Nel lavoro di Trifirò è innegabile che egli si sia concentrato sulla propria interpretazione, quasi un monologo con il contorno di altri sette attori che andavano e venivano, api operaie al servizio dell'ape regina. Considero, invece, una compagnia di teatro come un organismo in cui non esiste un protagonista (il cuore? il cervello? lo scheletro? il sistema nervoso?), in quanto tutti gli organi svolgono funzioni essenziali alla vita.
La rappresentazione vive se vivono tutti i suoi elementi. Ci vuole quindi, anzitutto, una fusione funzionale di scenografie, costumi, musiche...
Ogni attore respira con la compagnia, la compagnia regola il respiro dell'attore. La compagnia, insomma, costituisce un essere vivente e il pubblico se ne sta seduto ad osservarlo.
Mai osservato un animale? Un insetto? Non ci sono mai pause di vita, non c'è mai niente di disarmonico, niente di inutile, niente che non faccia piacere osservare.
Fluidità, continuità, partitura, arrangiamento degli attori come fossero strumenti, concertazione...
Dove va un attore quando esce di scena? E da dove viene quando rientra? Come riempire quei vuoti d'attore che scompare in chissà quale altra dimensione? Ma ci possono essere altre dimensioni? Il palcoscenico, il dietro le quinte, la platea... No, il teatro dev'essere un tutt'unico. Un unico respiro vitale lo avvolge tutto. Anche il pubblico fa parte della rappresentazione.

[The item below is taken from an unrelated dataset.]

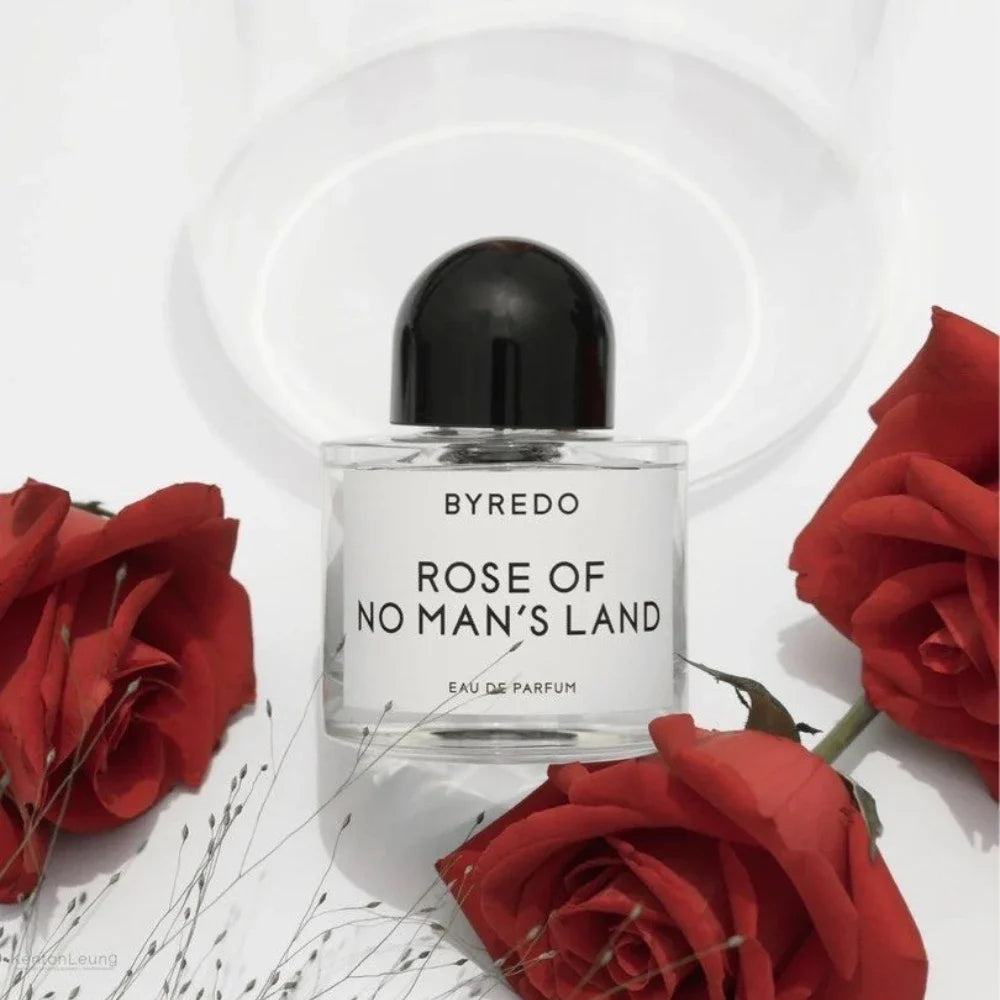 Byredo Unisex Perfume EDP 3.4oz, Woody Floral Musk Scent, Long Lasting, Valentine’s Luxury Gift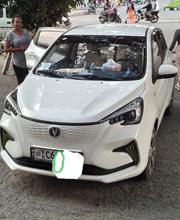Changan BenBen E-Star 32 kWh FWD 2023 White for sale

Se metto in scena un protagonista onnivoro, che discrepanza con l'apparizione di un personaggio a cui sono state riservate solo due battute! Creo un personaggio per una vita così breve? No, no, ci deve essere equilibrio tra i personaggi, sono tutti organi vitali di un organismo e vanno trattati con rispetto e considerazione.
Basta, mi fermo qui. C'è già abbastanza confusione.
Ce n'era così tanta, a Milano! Ci siamo andati, io e Betti, nel primo promeriggio a caccia di libri e siamo incappati nella baraonda del sabato. Brrr! Libraccio e Mondadori. Ho trovato "I Greci a teatro" di Baldry (mooolto interessante). "Il conte Karlstein" di Pullman. "Gente del Medioevo" di Fossier. "Il macedone" di Guld (mah!). E infine di Boyer "E l'uomo creò gli dei - come spiegare la religione", anche questo mooolto interessante. Anche perché, dopo la trilogia sulla famiglia, sto ipotizzando una trilogia sulla religione: Bibbia, Gesù e Papa. Ma è solo un'idea.
LE FURBERIE DI SCAPINO
di Molière
con Claudio Migliavacca, Giovanni Battaglia , Andrea Brancone, Donato Mazzarella, Sonia Bonacina, Giulia Viana, Roberto Trifirò , Marco Graffeo
scene Isabella Spinelli, costumi Sonia Bonacina
realizzati da Sartoria di Luna – Seregno – dipinti a mano da Elisa Elli
Luci Luca Siola , Suono Fabio Cinicola
Maestro di canto Angelo Rugolotti
Trucco Lorena Smaniotto
Assistente alla regia Alberto Bassi
Assistente alle scene Rosella Colombo
“Dopo aver messo in scena e recitato autori dalle complesse psicologie, fra gli altri Pirandello, Cechov, Beckett, Shakespeare, e aver sperimentato la drammaturgia del 900 con i suoi pessimismi, nevrosi, patologie sempre cercando da un lato di tendere la mano alla grande tradizione a cui sono strettamente legato e dall'altro di reinterpretarla con il respiro necessariamente mutato del mio tempo, è nato in me il forte desiderio di confrontarmi e far vivere una pièce ricca di aneliti e di forza corporea in cui l'azione è divorante e c'è un continuo movimento che tende ad una comicità brutale, una pièce in cui trionfa, grazie al genio di Molière, il meccanismo puro del teatro: Le furberie di Scapino.”